Why “Based on a True Story” is Barely Based in Truth: The Needs of Historical Fiction
We have all been there, sitting in the theatre or at home,
when a new trailer begins to play, and those five complicated words appear on
the screen: “Based on a True Story.” It’s been decades and many iterations of Law and Order that tout the phrase
“Ripped from the Headlines.” There is something about a “true” story that is
value-added for the viewer. The voyeurism that drives many kinds of narrative
storytelling upticks in the presence of those five words.
But as we know, narrative storytelling barely resembles the
truth of its source material.
Admittedly, “truth” is a slippery slope. Flaws in human
memory and self-protective ego mechanisms have created the following maxim:
“There are three sides to every story: yours, mine, and the truth.”
As storytellers faced with telling a “true story,” the
challenges are immense. At the end of the day, we still have to follow tried
and true narrative rules. Most of us adhere to some form of the 3-Act model,
which requires certain ingredients and proportions to work.
“Real life” rarely holds to such rules. In my previous blog
entry, I looked at The Greatest Showman,
which is loosely based on the life of PT Barnum, which got me thinking about
historical fiction, which is what all “based on a true story” narratives really
are.
Of all the stories I have told over 35 years as a professional
writer, my favorites are “based on a true story.” Many of my social justice
plays take some or all of their narratives from stories I was told during the
research phase and I have written three screenplays that take as their starting
point actual people. I have also written and/or directed several projects for the stage “based
on a true story”—some of them acted in whole or part by the actual people who
lived a version of what we were dramatizing.
I am also a writer and performer of Chautauqua pieces and one-man shows that
are based on real people, from several pirates who sailed with Blackbeard, to a
Civil War Captain who fought with an all-Black regiment, to the iconic revolutionary
Ernesto “Che” Guevara, poet Allen Ginsberg, Edgar Allan Poe, and the Father of Route 66, Cyrus Avery (in preparation for a 2026 tour celebrating the Mother Road centennial).

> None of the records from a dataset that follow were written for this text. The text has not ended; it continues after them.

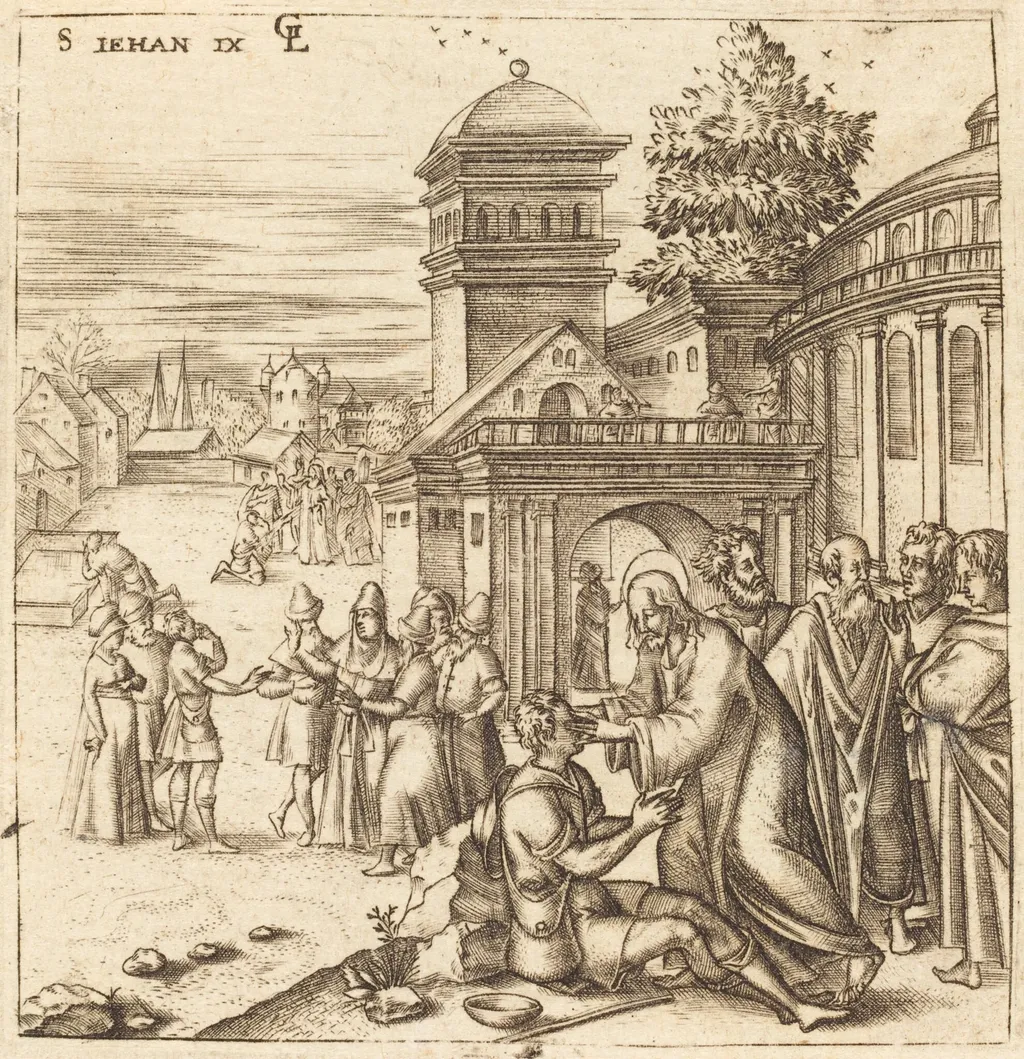 A Man Born Blind Receives Sight, by Léonard Gaultier, ink, 1578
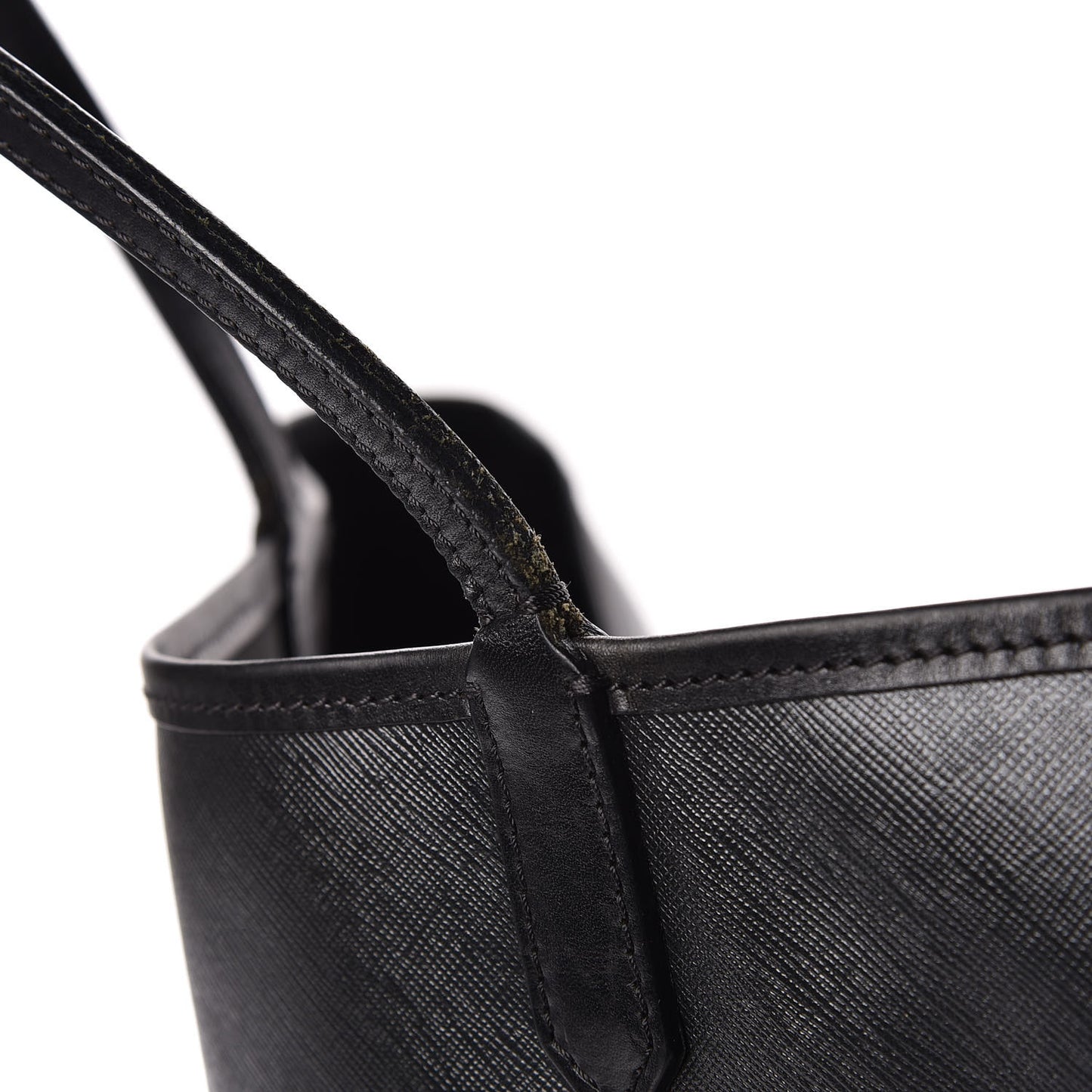 Textured Coated Canvas Madonna Print Large Antigona Tote Black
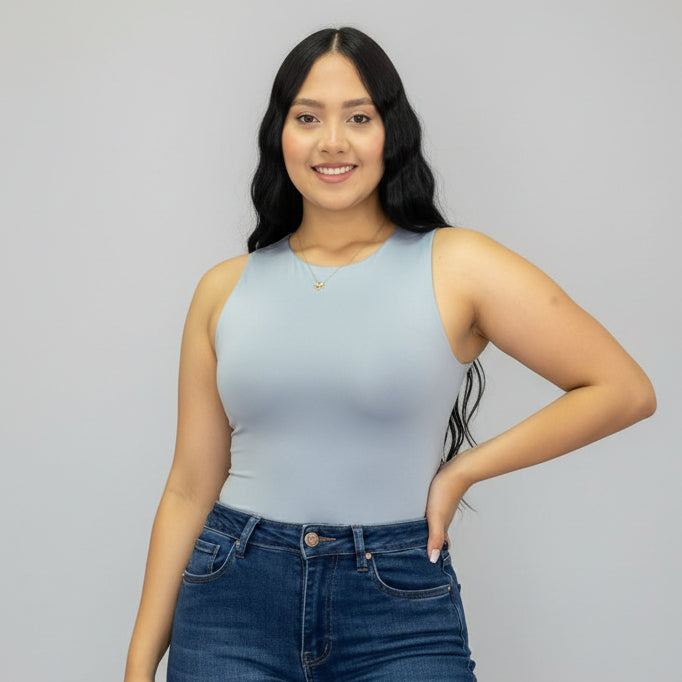 Body Manga Sisa Halter Gris Claro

As some of the best actors in the business—award-winners
like Philip Seymour Hoffman and Sam Rockwell—have said about their portrayals
of real people (in their case Truman Capote and Chuck Barris), they are simply
doing an actor’s interpretation of a writer’s interpretation of the person in
question.
That’s a brilliant assessment of what the storyteller
does. The writer’s interpretation is based on several important things:
1. 1. We need to “heighten and compress”: This is a
term I learned from playwright and screenwriter David Mamet’s books about
dramatic structure, The Three Uses of the Knife. Think about your life. Even if it is at times more dramatic
and filled with tension points than you may be comfortable with, we are telling
a story that averages 120 minutes. So tensions have to be heightened (made more dramatic, with bigger stakes and harder
adversaries than might have been the case) and events (and the time between
them) compressed. Here’s a metaphor I
like to use with my students: Hold a tube of toothpaste vertically and compress it. The toothpaste will heighten in the sense of rising out of
the tube. The cable TV series Black Sails
is a good example, especially when it comes to Blackbeard, although characters,
locations, and timelines were all manipulated to both heighten and compress
events.
2. 2. We need to combine repetitive occurrences into fewer,
more impactful ones: This goes hand in glove with heightening and compressing.
Many of our tension points happen day in and day out (disagreements with
colleagues, lovers’ spats, the frustrations of traffic on the daily commute) but
rarely culminate in big blowups and screen-worthy conflicts. As writers, instead
of showing a dozen arguments between two people we build in early tension
between them, followed by one mid-level argument, followed by a major conflict
that puts the hero’s goals in jeopardy (“raising the stakes”), which makes for
a lot of sparks.
3. 3. We need to be faithful to the maxim that “Action
is character”: Robert McKee, the most celebrated of all screenwriting teachers,
famously and repeatedly said that personality and behavior are revealed through
action. In other words, “show, don’t tell.” If you put a person in intense
enough circumstances, their true “character” will be revealed. Do they stay and
fight? Do they run? Do they commit acts of betrayal? In order to reveal a
person’s true character, we need Rivals and Villains to drive and challenge
them. The bigger the obstacles presented by these antagonists, the more our
Hero will be forced to dig deep and show who they really are. In real life, the
true villains are few and far between. This need to make antagonists Villains often
causes tension with either the person who serves as the model for the Villain
or the person’s family. Art Howe, former manager of the Oakland A’s, took
offense to how he was portrayed in Moneyball
(ironically by Philip Seymour Hoffman) and Olivia de Havilland is suing the
writers/producers of Feud, about
Bette Davis and Joan Crawford, for lying about what she said and did. The
family of the real Commander Denniston in the Imitation Game (played by Charles Dance) was upset at how he was
portrayed. This was the character chosen by the writer to relentlessly threaten
and deride Alan Turing. In truth, he did neither.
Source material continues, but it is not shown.